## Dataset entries
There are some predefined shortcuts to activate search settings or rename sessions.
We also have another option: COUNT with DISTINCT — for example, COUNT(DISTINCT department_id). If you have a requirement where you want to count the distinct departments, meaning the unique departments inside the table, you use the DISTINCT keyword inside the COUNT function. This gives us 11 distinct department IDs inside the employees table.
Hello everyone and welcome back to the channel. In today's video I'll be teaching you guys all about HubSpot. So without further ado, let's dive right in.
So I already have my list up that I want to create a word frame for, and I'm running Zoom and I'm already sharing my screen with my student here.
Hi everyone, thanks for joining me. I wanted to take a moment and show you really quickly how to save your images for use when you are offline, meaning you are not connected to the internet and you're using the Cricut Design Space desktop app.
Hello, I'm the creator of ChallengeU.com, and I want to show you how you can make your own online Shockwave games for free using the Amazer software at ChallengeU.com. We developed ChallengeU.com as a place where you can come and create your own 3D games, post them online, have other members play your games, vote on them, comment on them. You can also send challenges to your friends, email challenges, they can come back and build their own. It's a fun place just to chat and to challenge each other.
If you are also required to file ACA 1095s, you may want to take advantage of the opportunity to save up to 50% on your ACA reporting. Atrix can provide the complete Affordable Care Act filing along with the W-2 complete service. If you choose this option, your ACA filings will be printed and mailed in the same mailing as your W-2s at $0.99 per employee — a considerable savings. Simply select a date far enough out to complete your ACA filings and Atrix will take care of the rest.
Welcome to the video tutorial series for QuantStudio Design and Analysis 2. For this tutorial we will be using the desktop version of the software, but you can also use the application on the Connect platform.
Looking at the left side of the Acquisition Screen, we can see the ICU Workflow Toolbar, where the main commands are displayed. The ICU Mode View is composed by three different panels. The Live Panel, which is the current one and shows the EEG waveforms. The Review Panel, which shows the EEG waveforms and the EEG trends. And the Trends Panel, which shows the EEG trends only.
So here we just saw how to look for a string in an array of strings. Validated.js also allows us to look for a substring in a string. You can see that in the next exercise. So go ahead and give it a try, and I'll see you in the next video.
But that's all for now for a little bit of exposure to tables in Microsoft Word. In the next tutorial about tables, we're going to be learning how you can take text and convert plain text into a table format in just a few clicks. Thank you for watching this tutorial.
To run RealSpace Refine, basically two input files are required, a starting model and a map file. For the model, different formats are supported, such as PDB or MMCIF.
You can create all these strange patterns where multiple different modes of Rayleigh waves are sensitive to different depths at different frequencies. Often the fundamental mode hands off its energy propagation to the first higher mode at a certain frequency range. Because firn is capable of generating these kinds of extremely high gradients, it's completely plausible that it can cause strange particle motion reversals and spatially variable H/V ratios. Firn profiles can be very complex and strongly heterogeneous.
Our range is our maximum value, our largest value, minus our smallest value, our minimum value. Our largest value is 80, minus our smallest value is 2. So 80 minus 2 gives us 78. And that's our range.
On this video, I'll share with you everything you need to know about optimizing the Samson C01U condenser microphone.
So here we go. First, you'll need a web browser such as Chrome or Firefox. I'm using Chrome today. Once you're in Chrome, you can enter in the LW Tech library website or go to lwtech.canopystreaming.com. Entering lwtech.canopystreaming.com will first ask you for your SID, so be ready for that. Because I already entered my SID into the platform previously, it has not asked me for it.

## What is being asked
Wherever the string "gives" appears in the entries above, list that line.

## Exercise result
We also have another option: COUNT with DISTINCT — for example, COUNT(DISTINCT department_id). If you have a requirement where you want to count the distinct departments, meaning the unique departments inside the table, you use the DISTINCT keyword inside the COUNT function. This gives us 11 distinct department IDs inside the employees table.
Our range is our maximum value, our largest value, minus our smallest value, our minimum value. Our largest value is 80, minus our smallest value is 2. So 80 minus 2 gives us 78. And that's our range.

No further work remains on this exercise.